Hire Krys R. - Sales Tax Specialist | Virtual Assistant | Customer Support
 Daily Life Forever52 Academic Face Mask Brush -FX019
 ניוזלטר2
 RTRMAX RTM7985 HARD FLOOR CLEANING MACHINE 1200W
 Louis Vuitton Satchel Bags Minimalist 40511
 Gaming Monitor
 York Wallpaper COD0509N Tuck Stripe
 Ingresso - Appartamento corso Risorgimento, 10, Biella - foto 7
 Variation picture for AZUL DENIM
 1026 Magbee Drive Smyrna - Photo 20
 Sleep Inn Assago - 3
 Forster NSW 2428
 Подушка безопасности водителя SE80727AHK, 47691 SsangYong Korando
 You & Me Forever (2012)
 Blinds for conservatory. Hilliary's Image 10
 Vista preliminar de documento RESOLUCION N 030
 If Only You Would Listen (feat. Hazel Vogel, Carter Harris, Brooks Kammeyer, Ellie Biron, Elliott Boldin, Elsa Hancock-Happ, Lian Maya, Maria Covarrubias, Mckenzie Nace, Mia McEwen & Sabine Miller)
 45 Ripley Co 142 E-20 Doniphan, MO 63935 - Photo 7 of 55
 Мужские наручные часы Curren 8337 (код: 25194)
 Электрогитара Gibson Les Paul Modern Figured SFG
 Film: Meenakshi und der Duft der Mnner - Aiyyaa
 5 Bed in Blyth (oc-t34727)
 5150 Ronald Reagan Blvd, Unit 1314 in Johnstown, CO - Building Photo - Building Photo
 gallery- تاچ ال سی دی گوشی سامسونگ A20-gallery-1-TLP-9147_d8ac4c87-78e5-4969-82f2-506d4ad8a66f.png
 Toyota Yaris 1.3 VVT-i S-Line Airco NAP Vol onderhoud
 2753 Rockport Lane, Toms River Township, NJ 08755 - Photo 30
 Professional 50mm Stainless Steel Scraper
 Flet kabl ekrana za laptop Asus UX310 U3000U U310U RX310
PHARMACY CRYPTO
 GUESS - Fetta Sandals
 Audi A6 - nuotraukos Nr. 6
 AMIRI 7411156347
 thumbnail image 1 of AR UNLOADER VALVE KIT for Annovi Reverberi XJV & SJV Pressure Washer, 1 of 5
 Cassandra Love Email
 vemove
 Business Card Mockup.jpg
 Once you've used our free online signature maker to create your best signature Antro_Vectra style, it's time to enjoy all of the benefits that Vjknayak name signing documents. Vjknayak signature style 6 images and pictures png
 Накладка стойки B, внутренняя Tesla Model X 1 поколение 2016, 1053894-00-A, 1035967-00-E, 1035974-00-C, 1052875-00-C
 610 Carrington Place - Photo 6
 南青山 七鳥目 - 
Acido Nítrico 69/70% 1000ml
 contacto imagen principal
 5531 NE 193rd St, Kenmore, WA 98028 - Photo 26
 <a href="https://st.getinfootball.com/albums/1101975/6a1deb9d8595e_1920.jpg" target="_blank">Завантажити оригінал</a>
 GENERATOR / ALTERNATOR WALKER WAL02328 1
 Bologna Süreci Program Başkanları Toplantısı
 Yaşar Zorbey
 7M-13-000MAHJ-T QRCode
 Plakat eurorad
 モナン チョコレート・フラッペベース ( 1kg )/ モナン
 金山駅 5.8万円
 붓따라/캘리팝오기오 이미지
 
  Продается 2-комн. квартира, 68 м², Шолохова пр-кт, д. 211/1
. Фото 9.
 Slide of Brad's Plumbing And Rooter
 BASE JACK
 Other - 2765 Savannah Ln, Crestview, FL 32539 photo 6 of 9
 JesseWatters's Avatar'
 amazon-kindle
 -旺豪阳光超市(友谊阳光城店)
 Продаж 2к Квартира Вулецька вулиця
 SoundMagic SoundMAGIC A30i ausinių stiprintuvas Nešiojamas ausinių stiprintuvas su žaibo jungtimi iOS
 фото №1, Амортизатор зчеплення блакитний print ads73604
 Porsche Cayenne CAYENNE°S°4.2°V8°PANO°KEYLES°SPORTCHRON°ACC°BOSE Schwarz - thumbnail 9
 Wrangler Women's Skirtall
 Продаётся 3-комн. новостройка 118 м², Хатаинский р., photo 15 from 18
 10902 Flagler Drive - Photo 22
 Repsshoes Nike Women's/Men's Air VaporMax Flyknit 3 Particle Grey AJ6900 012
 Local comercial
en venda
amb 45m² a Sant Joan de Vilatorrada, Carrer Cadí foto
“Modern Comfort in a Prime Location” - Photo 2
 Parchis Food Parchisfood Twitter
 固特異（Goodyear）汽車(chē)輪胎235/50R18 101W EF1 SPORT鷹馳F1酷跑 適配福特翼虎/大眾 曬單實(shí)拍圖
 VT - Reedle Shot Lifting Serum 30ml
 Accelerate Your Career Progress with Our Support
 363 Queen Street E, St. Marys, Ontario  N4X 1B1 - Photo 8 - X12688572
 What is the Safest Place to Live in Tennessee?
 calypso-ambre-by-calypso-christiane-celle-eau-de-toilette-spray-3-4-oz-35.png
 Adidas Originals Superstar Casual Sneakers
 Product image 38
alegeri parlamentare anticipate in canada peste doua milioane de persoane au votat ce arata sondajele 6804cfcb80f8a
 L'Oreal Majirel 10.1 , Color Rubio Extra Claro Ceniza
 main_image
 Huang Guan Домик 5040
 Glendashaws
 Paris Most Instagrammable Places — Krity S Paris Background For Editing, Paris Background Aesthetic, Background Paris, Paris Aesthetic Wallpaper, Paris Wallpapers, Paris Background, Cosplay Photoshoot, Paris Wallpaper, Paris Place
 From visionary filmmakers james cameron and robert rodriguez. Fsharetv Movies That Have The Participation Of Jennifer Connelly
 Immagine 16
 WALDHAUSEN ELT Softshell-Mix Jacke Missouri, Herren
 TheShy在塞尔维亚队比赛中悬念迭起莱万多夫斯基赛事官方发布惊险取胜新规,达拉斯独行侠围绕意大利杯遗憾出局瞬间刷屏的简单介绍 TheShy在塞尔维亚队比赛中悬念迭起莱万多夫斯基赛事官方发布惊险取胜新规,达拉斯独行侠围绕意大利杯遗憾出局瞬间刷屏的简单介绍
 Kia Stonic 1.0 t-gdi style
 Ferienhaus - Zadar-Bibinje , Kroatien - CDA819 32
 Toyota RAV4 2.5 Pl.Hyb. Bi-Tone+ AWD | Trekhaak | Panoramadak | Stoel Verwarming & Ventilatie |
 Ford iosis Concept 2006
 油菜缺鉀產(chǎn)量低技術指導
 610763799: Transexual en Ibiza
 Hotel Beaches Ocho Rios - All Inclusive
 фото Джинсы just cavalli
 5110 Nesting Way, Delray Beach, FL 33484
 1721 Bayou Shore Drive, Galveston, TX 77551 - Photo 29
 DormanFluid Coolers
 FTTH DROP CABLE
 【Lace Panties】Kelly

____

Exercise description:
Emit, unaltered, the lines from the top of the listing down through the line that holds "Forster NSW 2428"; emit nothing else.

Response to this task:
Hire Krys R. - Sales Tax Specialist | Virtual Assistant | Customer Support
 Daily Life Forever52 Academic Face Mask Brush -FX019
 ניוזלטר2
 RTRMAX RTM7985 HARD FLOOR CLEANING MACHINE 1200W
 Louis Vuitton Satchel Bags Minimalist 40511
 Gaming Monitor
 York Wallpaper COD0509N Tuck Stripe
 Ingresso - Appartamento corso Risorgimento, 10, Biella - foto 7
 Variation picture for AZUL DENIM
 1026 Magbee Drive Smyrna - Photo 20
 Sleep Inn Assago - 3
 Forster NSW 2428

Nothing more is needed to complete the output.